◆ AVAILABLE DATA ◆
════════════════════

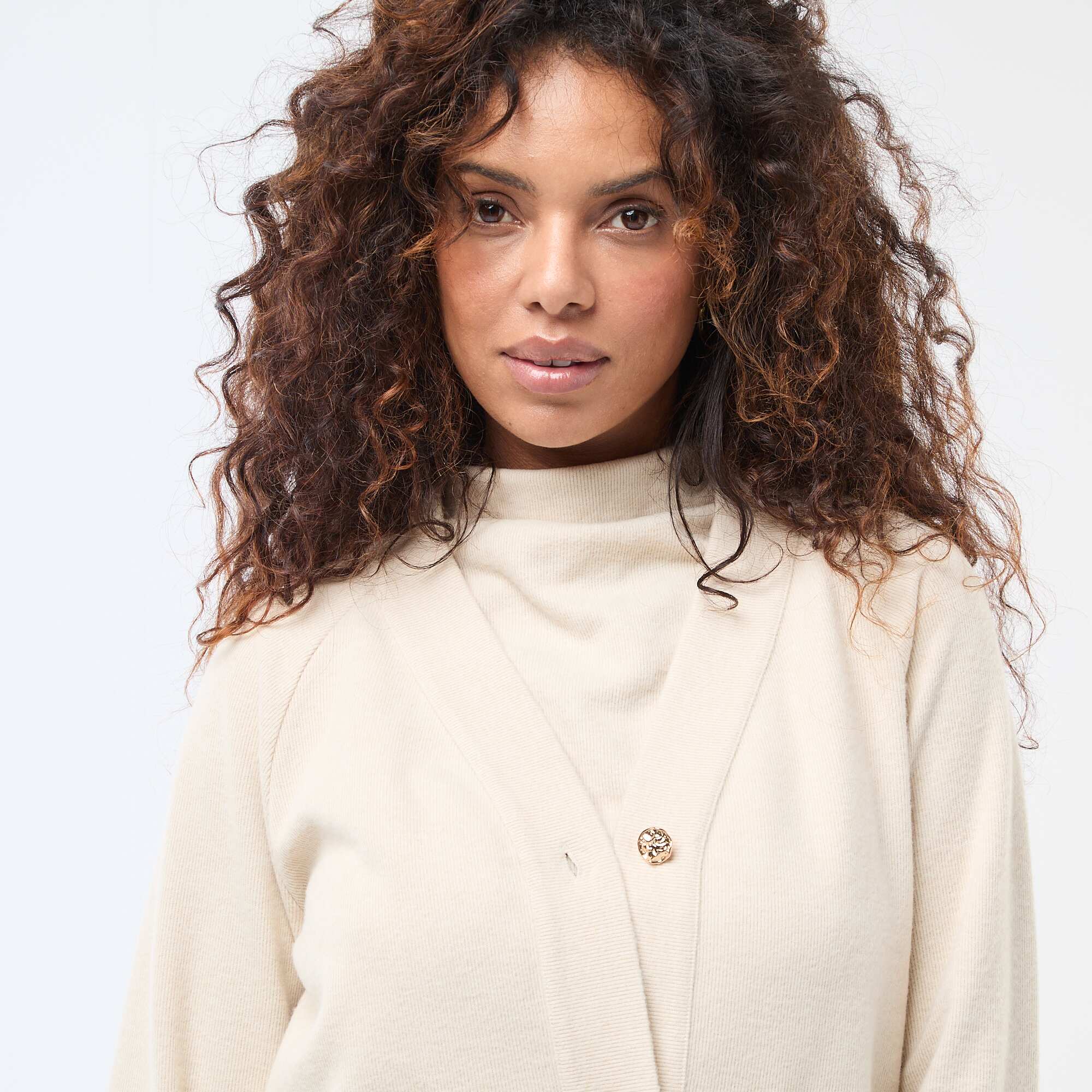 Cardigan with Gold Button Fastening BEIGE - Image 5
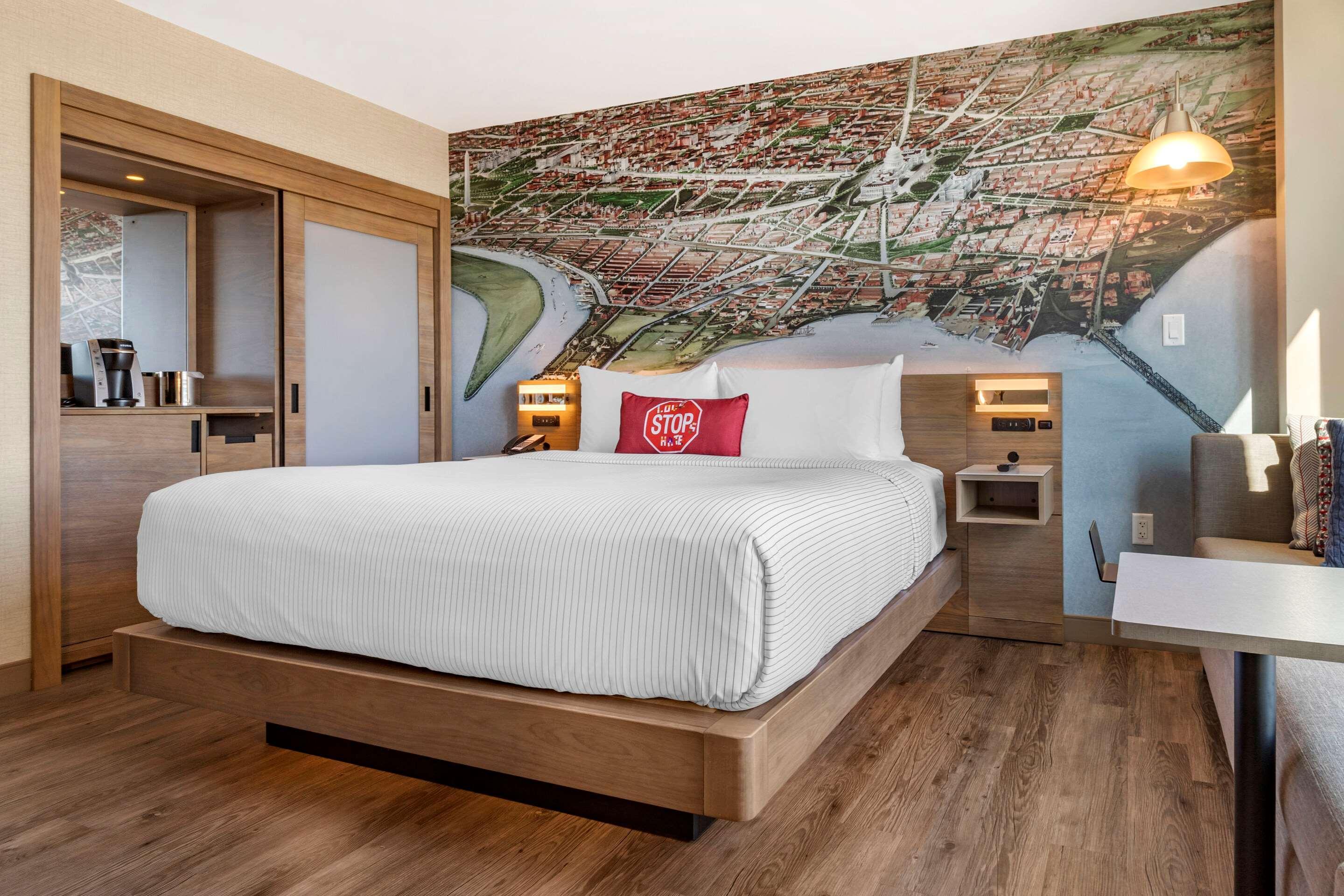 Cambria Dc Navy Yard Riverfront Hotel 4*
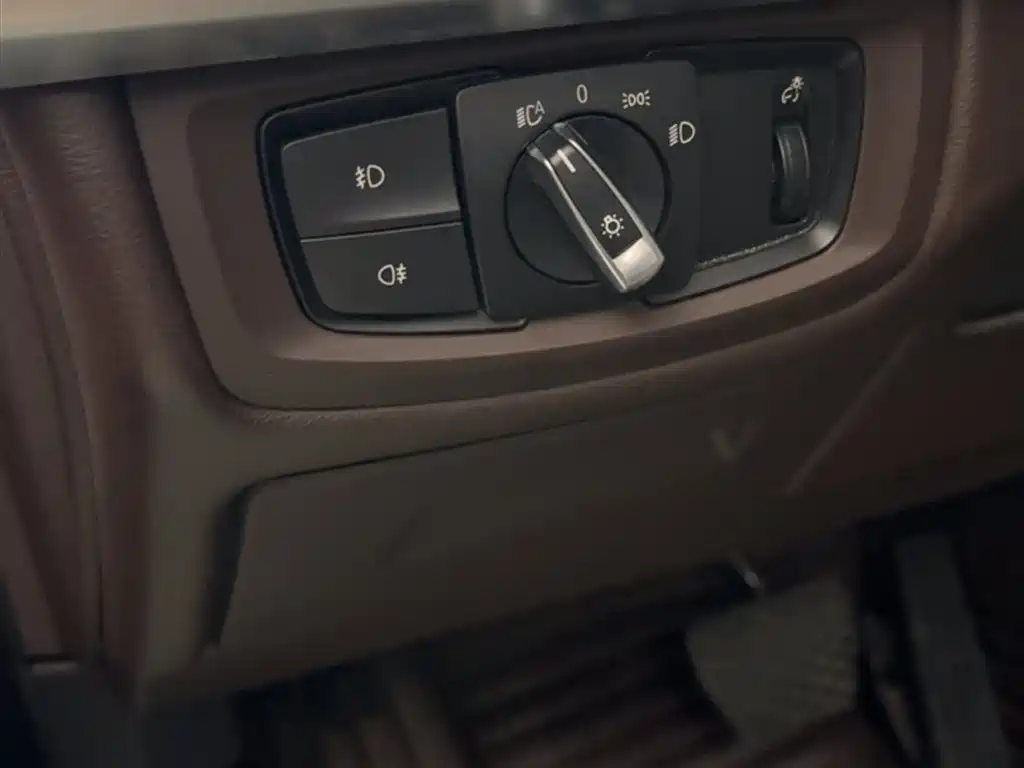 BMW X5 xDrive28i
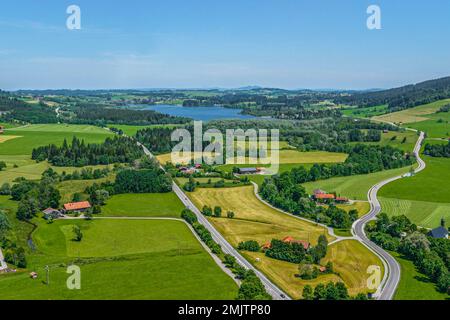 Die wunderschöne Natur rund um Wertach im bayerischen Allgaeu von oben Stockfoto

════════════════════

◆ EXERCISE DETAILS ◆
Beginning with the line in which "Cambria Dc Navy Yard Riverfront Hotel 4*" appears, repeat exactly each line down to the close of the material, leaving every picture out.

◆ ANSWER ◆
 Cambria Dc Navy Yard Riverfront Hotel 4*
 BMW X5 xDrive28i
 Die wunderschöne Natur rund um Wertach im bayerischen Allgaeu von oben Stockfoto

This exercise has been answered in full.